== Material provided ==
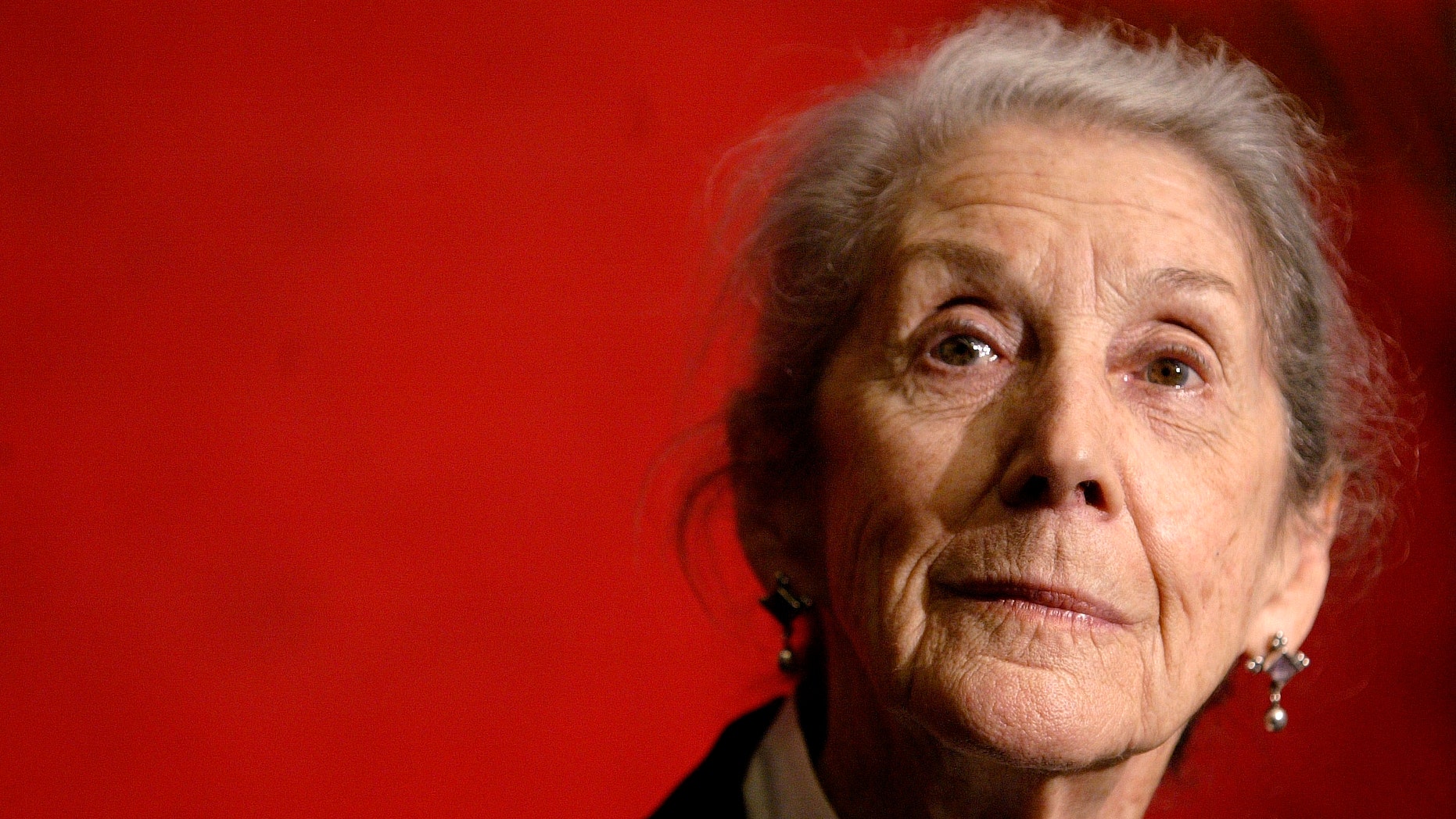FILE - This is a Sunday, Nov. 26, 2006 file photo of Nobel Prize-winning author Nadine Gordimer, of South Africa, as she listens to a question during a news conference on the Guadalajara International Book Fair at Guadalajara's Expo in Mexico. Gordimer died in her sleep in Johannesburg, Sunday July 13, 2014, aged 90. (AP Photo/Guillermo Arias, File)
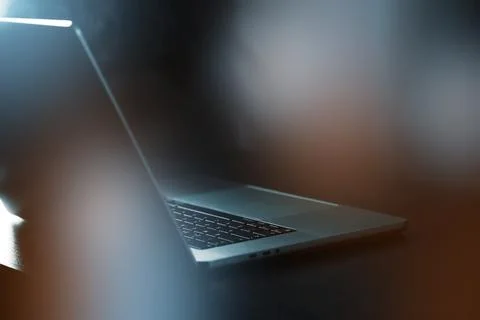 Laptop sits on a table with soft light reflecting on it during an indoor setting Stock Photos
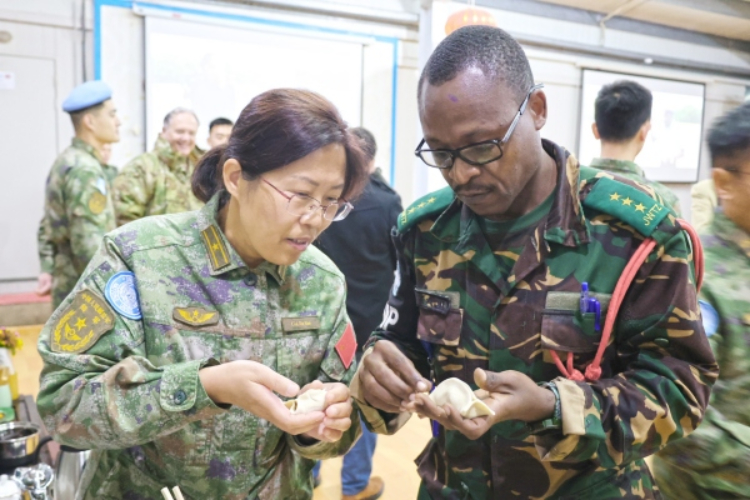 圖為維和官兵與外軍人員共同包餃子。胡光明攝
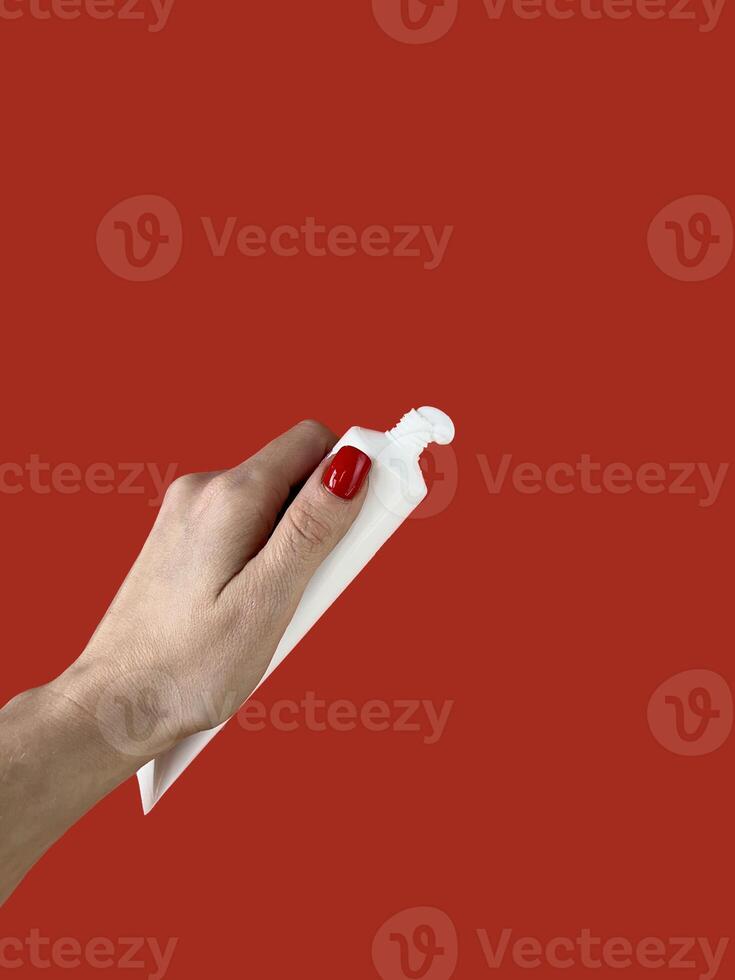 A woman is holding a tube with toothpaste on a red background. Dental care photo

== Your task ==
Nothing but the lines from the line containing "圖為維和官兵與外軍人員共同包餃子。胡光明攝" through the end of the data, both ends included, is to be reproduced, exactly as written and without the pictures.

== Written answer ==
 圖為維和官兵與外軍人員共同包餃子。胡光明攝
 A woman is holding a tube with toothpaste on a red background. Dental care photo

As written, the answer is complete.